ASSIGNMENT: The entries below contain a stretch that opens with the line containing "Checklist of California-specific" and closes with the line containing "Photo for Cute"; set down that stretch exactly, both ends included, and nothing else.
[[ ENTRIES SUPPLIED open ]]
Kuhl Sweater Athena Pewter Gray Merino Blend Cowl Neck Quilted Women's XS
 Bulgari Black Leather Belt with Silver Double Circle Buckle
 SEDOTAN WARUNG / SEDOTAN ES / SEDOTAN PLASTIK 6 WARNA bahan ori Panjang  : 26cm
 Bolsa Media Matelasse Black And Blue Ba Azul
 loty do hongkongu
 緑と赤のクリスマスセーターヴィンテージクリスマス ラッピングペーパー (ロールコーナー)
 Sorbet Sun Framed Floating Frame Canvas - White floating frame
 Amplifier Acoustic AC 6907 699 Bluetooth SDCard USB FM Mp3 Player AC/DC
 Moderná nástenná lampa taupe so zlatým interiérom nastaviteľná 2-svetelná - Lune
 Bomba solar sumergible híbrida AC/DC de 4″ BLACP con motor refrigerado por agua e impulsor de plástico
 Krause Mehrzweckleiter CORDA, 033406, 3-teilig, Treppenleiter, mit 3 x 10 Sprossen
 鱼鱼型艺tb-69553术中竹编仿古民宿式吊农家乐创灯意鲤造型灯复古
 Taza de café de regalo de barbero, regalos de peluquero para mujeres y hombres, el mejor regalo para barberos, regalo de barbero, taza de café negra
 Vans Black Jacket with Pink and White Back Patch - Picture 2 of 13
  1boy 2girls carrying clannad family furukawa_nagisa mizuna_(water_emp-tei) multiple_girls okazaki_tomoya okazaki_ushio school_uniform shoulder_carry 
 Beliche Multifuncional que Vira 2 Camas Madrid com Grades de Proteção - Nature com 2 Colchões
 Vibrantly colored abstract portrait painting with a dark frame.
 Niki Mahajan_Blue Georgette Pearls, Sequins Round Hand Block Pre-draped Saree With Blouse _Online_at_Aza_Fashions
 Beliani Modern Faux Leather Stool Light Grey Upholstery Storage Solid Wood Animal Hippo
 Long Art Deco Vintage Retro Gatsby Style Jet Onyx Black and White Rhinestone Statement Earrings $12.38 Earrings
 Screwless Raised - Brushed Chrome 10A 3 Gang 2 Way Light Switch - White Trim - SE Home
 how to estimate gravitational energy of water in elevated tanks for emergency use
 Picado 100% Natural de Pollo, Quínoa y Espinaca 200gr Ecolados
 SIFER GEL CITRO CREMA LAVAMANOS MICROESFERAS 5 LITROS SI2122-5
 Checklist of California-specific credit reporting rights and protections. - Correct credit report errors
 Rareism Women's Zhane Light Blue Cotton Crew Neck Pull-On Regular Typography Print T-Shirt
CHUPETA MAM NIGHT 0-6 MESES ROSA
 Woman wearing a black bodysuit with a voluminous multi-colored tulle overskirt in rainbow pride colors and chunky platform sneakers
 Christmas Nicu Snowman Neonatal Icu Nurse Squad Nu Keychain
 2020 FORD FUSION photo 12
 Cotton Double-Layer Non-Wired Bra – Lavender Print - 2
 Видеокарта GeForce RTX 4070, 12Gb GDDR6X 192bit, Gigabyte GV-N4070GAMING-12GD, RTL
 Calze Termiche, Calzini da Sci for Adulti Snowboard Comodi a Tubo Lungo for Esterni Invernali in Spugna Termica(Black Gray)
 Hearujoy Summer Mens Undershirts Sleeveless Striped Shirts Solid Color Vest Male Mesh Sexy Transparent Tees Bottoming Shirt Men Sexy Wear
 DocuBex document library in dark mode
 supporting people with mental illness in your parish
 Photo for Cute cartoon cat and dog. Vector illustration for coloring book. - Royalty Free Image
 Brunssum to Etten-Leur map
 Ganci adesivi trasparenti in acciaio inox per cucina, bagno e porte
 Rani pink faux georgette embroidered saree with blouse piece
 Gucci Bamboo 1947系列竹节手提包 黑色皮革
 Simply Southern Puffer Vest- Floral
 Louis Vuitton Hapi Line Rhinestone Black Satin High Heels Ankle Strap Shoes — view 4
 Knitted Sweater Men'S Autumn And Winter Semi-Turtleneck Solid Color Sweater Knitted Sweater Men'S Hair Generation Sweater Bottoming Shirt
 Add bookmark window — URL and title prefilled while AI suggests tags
[[ ENTRIES SUPPLIED closed ]]
COMPLETED TASK:
 Checklist of California-specific credit reporting rights and protections. - Correct credit report errors
 Rareism Women's Zhane Light Blue Cotton Crew Neck Pull-On Regular Typography Print T-Shirt
CHUPETA MAM NIGHT 0-6 MESES ROSA
 Woman wearing a black bodysuit with a voluminous multi-colored tulle overskirt in rainbow pride colors and chunky platform sneakers
 Christmas Nicu Snowman Neonatal Icu Nurse Squad Nu Keychain
 2020 FORD FUSION photo 12
 Cotton Double-Layer Non-Wired Bra – Lavender Print - 2
 Видеокарта GeForce RTX 4070, 12Gb GDDR6X 192bit, Gigabyte GV-N4070GAMING-12GD, RTL
 Calze Termiche, Calzini da Sci for Adulti Snowboard Comodi a Tubo Lungo for Esterni Invernali in Spugna Termica(Black Gray)
 Hearujoy Summer Mens Undershirts Sleeveless Striped Shirts Solid Color Vest Male Mesh Sexy Transparent Tees Bottoming Shirt Men Sexy Wear
 DocuBex document library in dark mode
 supporting people with mental illness in your parish
 Photo for Cute cartoon cat and dog. Vector illustration for coloring book. - Royalty Free Image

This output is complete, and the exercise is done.